The linker found the same symbol defined in more than one object file. A function or variable was defined (not just declared) in a header, or a global lives in two translation units - a One Definition Rule violation.

What this error means

Every object compiles, then the link fails with "multiple definition of <symbol>; first defined here". It often appears after a refactor that moved a definition into a header, or under GCC 10+ which defaults to -fno-common.

ld output
/usr/bin/ld: b.o:(.bss+0x0): multiple definition of `g_counter'; a.o:(.bss+0x0): first defined here
collect2: error: ld returned 1 exit status

Common causes

A definition placed in a header

A non-inline function or a non-inline/non-const global variable defined in a header is compiled into every .cpp that includes it, so the linker sees it defined many times.

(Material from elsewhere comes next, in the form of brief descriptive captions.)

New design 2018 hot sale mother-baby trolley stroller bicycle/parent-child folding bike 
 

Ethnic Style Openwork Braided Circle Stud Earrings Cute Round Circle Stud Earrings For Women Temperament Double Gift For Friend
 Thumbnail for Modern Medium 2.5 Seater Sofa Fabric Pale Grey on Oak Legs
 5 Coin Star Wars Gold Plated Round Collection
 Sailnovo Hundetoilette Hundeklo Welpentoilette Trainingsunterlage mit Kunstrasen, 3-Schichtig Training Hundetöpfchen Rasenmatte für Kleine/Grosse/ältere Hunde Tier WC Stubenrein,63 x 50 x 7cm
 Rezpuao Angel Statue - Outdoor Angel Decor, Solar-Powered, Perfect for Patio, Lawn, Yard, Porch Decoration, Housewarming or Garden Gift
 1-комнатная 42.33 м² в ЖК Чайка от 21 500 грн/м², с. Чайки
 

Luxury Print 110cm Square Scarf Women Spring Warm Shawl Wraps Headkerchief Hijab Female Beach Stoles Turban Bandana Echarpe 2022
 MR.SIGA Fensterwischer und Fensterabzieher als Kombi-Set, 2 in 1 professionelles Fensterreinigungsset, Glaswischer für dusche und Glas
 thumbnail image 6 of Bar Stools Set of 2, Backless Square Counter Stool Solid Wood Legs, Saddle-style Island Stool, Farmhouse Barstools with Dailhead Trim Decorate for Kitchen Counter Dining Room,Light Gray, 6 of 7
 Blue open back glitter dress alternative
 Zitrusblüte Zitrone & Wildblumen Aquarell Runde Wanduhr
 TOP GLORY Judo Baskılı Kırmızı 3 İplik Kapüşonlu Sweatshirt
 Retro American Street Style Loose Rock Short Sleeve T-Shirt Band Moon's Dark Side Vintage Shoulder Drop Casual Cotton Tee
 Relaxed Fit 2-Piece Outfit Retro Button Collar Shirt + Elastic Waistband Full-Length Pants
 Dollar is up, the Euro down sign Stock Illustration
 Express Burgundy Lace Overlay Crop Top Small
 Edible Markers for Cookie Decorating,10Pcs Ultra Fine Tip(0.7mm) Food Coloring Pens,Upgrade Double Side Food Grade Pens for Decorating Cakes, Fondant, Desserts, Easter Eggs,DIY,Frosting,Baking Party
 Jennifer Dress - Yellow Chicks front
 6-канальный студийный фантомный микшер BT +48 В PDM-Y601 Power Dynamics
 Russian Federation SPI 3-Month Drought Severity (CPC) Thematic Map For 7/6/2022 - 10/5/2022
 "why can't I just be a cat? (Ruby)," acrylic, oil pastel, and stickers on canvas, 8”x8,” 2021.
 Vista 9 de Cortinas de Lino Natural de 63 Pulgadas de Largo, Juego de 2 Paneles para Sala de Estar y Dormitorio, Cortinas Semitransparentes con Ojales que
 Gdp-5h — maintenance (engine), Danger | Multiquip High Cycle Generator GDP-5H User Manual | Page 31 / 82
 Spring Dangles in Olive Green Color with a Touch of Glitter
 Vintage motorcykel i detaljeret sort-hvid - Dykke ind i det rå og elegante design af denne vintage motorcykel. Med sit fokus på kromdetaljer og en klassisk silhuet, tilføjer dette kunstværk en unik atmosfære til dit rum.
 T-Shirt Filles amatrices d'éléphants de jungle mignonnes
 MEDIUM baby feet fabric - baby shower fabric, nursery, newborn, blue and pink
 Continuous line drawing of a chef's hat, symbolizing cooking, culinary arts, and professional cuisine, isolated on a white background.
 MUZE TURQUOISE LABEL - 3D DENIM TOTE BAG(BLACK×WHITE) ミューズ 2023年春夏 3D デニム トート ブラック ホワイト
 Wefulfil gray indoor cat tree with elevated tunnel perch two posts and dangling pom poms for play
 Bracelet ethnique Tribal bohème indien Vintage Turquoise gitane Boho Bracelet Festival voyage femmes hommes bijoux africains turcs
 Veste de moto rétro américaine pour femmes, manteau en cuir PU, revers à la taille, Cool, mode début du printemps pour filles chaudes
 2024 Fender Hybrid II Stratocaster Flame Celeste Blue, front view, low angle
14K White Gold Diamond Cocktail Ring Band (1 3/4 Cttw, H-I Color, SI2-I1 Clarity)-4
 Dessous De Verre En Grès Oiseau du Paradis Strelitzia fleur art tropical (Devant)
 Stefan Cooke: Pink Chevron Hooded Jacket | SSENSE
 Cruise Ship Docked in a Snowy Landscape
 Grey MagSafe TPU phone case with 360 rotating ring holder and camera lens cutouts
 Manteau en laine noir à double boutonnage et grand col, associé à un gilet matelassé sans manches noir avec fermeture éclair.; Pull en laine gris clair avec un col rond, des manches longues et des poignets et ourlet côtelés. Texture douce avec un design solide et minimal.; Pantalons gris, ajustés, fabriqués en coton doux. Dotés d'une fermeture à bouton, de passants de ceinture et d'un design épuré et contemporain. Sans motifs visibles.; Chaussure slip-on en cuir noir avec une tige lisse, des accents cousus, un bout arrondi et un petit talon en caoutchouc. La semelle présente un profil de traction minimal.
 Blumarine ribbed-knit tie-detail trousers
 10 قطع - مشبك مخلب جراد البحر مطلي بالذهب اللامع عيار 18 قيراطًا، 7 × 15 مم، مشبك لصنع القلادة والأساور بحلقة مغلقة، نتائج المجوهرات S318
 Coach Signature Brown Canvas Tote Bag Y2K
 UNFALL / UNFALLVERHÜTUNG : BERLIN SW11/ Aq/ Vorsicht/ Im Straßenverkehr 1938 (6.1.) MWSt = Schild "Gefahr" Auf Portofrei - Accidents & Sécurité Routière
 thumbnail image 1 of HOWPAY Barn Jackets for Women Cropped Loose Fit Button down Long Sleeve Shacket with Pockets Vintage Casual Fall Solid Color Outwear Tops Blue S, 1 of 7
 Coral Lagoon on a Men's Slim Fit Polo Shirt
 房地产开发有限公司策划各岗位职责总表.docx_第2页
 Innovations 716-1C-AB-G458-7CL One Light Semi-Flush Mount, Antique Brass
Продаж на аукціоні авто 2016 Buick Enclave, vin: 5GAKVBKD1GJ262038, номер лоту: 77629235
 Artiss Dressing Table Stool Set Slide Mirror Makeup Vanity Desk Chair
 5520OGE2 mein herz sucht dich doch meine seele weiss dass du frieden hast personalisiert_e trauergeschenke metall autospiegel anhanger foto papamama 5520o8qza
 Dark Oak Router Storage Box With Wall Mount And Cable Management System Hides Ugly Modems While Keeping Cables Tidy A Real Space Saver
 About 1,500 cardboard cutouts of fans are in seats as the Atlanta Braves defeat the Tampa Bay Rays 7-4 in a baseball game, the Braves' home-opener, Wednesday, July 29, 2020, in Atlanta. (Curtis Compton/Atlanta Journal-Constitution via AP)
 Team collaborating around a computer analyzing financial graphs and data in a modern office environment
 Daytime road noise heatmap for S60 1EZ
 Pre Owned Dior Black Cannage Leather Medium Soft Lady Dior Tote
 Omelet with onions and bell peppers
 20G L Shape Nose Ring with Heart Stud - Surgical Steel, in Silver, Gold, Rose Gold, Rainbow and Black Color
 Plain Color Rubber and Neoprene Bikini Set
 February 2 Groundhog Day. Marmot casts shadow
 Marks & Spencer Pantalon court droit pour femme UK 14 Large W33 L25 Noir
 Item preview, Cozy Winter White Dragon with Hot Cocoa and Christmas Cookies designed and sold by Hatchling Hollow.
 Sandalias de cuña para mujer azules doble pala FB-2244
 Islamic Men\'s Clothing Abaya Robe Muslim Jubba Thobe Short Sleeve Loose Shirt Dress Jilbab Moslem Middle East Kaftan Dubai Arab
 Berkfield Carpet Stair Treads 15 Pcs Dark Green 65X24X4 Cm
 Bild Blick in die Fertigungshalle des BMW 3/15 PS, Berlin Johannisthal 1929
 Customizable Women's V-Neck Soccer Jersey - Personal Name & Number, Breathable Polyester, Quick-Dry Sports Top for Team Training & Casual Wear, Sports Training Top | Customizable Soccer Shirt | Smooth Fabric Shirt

GCC 10+ -fno-common tentative definitions

A global declared without extern in a header (a tentative definition) used to be merged under the old common model. GCC 10 defaults to -fno-common, so each unit now defines it and the link clashes.

How to fix it

Declare in the header, define once

Keep only an extern declaration in the header and put the single definition in one .cpp.

C++
// counter.h
extern int g_counter;
// counter.cpp
int g_counter = 0;

Mark header definitions inline

  1. For functions/variables that must live in a header, mark them inline (C++17 inline variables) so duplicate definitions are merged.
  2. For globals, use extern in the header and define in exactly one source file.
  3. Do not retry - this is a source/ODR error, not transient.

How to prevent it

  • Put declarations in headers and definitions in a single .cpp.
  • Use inline for header-only functions and variables.
  • Build with -fno-common locally so ODR clashes surface before CI.